Он и Сонечка Рукова – прихожанка нашего храма – опекали меня как могли. Не давали впасть в отчаяние.
— Ваше дело – писать! – не уставал говорить отец Александр. – Завтрашний день сам о себе позаботится.
Однажды он попросил у меня накопившиеся стихи. Я дал большую пачку. С трепетом ждал – что он скажет?
Примерно через неделю он приехал ко мне, сказал неожиданное: «Это очень мужские стихи. Ничего подобного сейчас никто не пишет».
К тому времени, кроме отца Александра и таких людей, как Сонечка, у меня никого не осталось. Отец Александр так щедро одарил меня своей дружбой, доверием! Казалось, этому счастью не будет конца…
66
Признаться, до сих пор не могу окончательно понять, почему излечиваются мои больные. Нервничаю. Заставляю исцелившихся пройти окончательную проверку в клиниках. Не хочу прослыть шарлатаном.
Как–то удалось вернуть слух оглохшему болгарскому мальчику. После этого случая родители подобных детей затребовали меня в Болгарию. Отец Александр благословил поехать.

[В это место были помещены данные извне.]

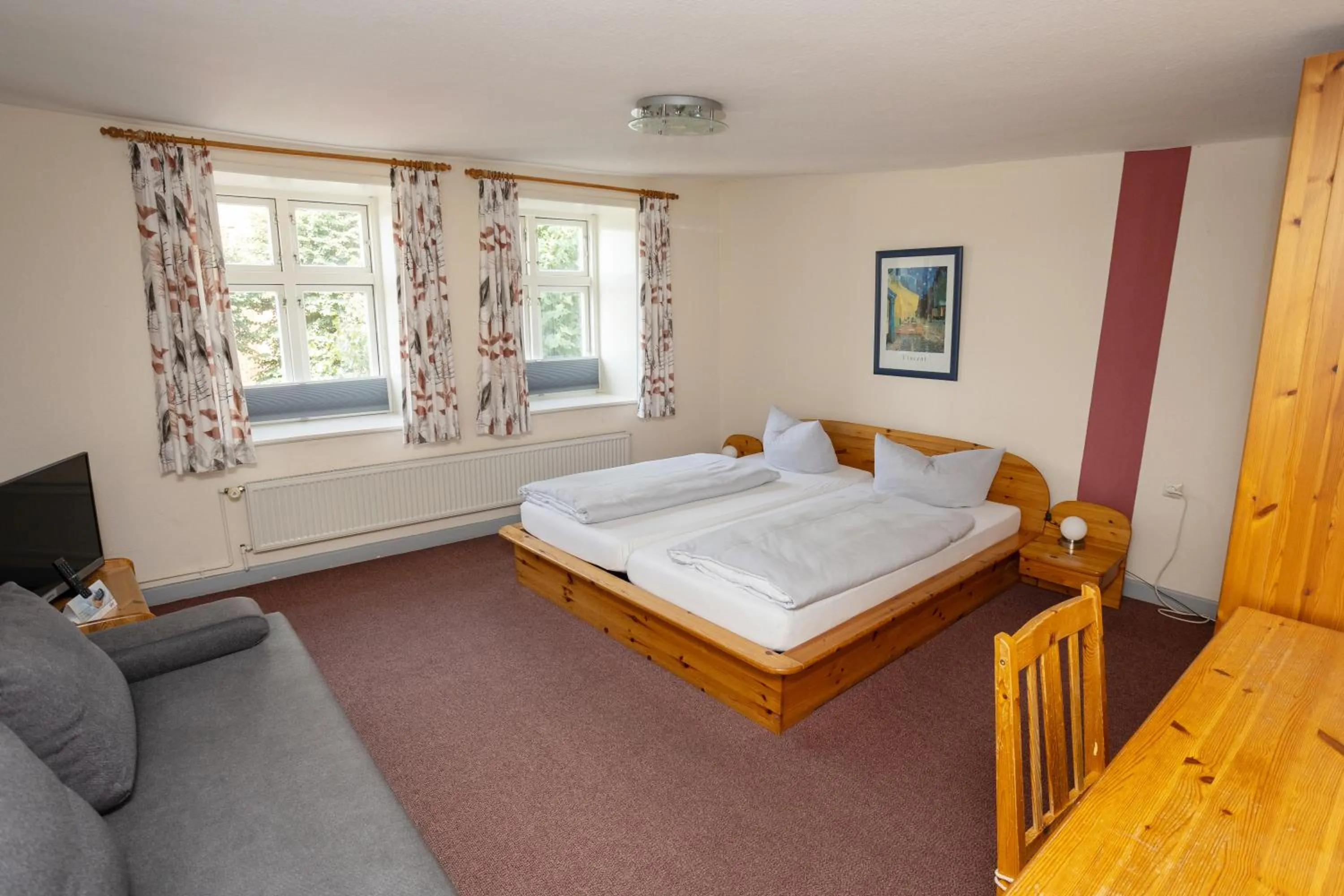 Bed in Hotel Zur Linde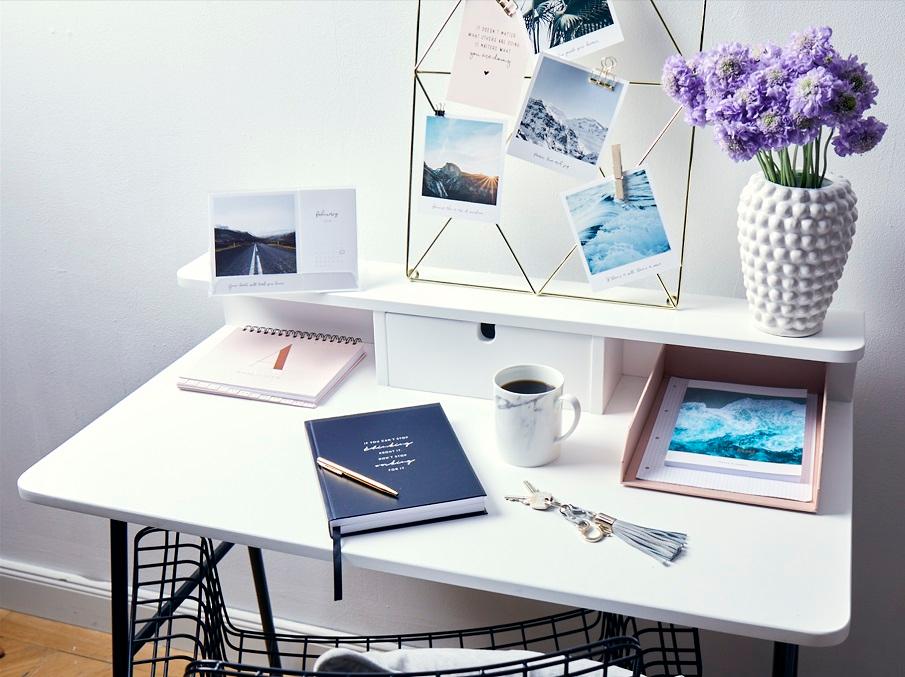 dessus de bureau blanc avec des fournitures de bureau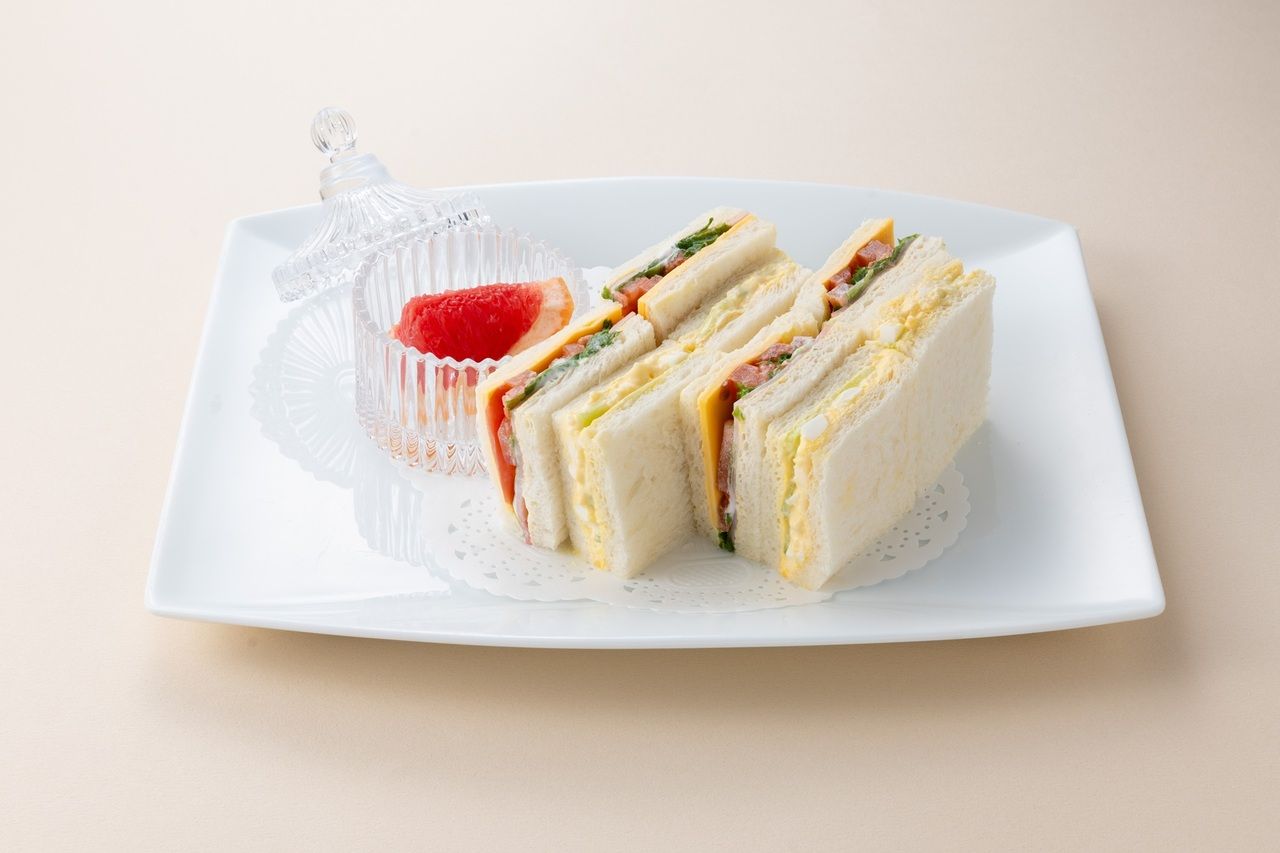 4/1～【平日のご予約限定】ミックスサンドウィッチ＋ケーキセット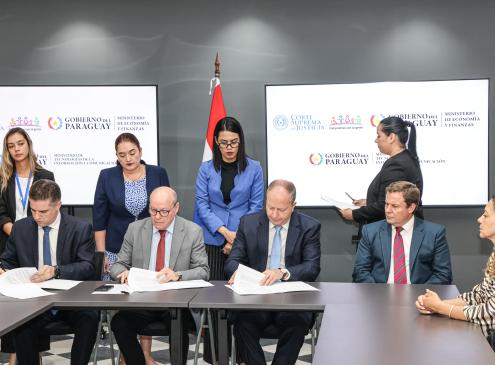 MInistro Fernández Valdovinos en firma de convenio RUN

Возили меня из Софии в Пловдив, в другие города. Потом на море – к турецкой границе. Оттуда снова в Софию, где у меня произошла встреча с ближайшей подругой знаменитой Ванги – тоже ясновидящей, бывшей партизанкой. Она многое рассказала о моём будущем. Всё–таки удивительно, потом почти всё сбылось в точности! И не вообще, а буквально. К концу пребывания в Болгарии я оказался в 70 километрах от Софии – в городке Самокове в гостях у своего давнего друга художника Христо Нейкова.
…Там есть маленький женский монастырь. Чудесный. Монахини с сестринской любовью приняли меня. Угощали, надарили подарков. А я рассказывал им об отце Александре.

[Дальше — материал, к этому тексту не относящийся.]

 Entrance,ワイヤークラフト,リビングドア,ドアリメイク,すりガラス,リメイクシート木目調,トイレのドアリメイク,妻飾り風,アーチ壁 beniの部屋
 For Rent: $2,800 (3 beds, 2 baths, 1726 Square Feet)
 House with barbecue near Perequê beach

На прощанье сфотографировались.
67
Всё лучшее, что было в мире, исчезло. Навсегда.
С убийством отца Александра 9 сентября 1990 года время сломалось.
Что мне было теперь до того, что отец Александр, оказывается, переслал рукопись моего романа «Здесь и теперь» в Лондон и мне там присудили первую премию на каком–то конкурсе?